Category: Teaching

A poll

What do teacherly [ETA: and studenty!] folks think of a student using the expression “sexing-up” in an essay?

I think it expresses pretty well what’s going on in the source materials he’s discussing, but is it too colloquial? Should I tell him to be more boring in future?


Crime Notes

Crime Notes is the course blog I’ve set up for my skills and sources students this semester, to supplement the module page I made last year. Could be interesting to see what happens. I don’t know yet whether I’ll attempt to use it for discussions and exciting things like that, or simply stick to basic announcements and the like for the first time out.


heya there

Am I just being grumpy in finding this a slightly over-casual way for a student to address his teacher in an email?

I mean, I don’t mind ‘Hi’, so what’s wrong with this one? Perhaps my problem is just that it sounds uncomfortably close to ‘hey you’?


Crime sells!

I learnt today that the course I’m currently teaching is already fully subscribed for next year. (And it went even faster, apparently, than the module in the same set of options on the Blitz…)

I sort of wonder what they’re actually expecting.

This will be a pretty momentous event for me, when it comes around: it’ll be the first time I’ve ever taught any course (or part of a course) more than once. So: 1. I don’t have to prepare everything from scratch; 2. I’ll have the chance to improve on things I wasn’t happy with this time around.


The dog ate my homework, etc

Fortunately, I don’t really have to deal with the “homework” excuses, in the sense that assessed work is all handed in through the departmental office, and requests for extensions have to go through “official” channels.

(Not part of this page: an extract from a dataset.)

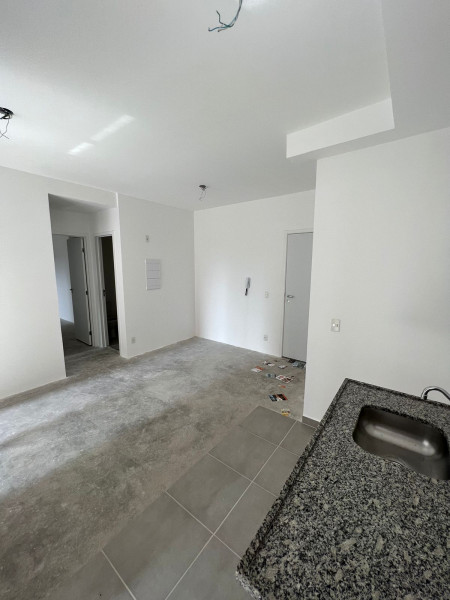 Apartamento à venda Alphaville Empresarial com 52m² e 2 quartos por R$ 465.000 - 1922795586-whatsapp-image-2023-10-23-at-15.jpeg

But I do get the emails about why they couldn’t make it to classes, and it’s just like reading some of those court cases. Do I believe this story or don’t I? How lame is that excuse? Or simply, you what? Are you taking the piss? (I’m not going into details just in case any of them find this blog.)

Mind you, at least they usually do get in touch with some sort of explanation, probably because early absences tended to get brusque emails with dark hints about the consequences of non-attendance.

What, then, are the a) lamest, b) most inventive (but somehow suspicious) and c) most unbelievable excuses you’ve heard from students for their failure to make it to class? Names etc may of course be changed to protect the “innocent”. (And if you have any entertaining homework excuses you haven’t recently blogged somewhere else, feel free to add those too.)


Show me your workings

PZ Myers has some wise words on the problems of teaching science. (Update: this is well worth reading too.)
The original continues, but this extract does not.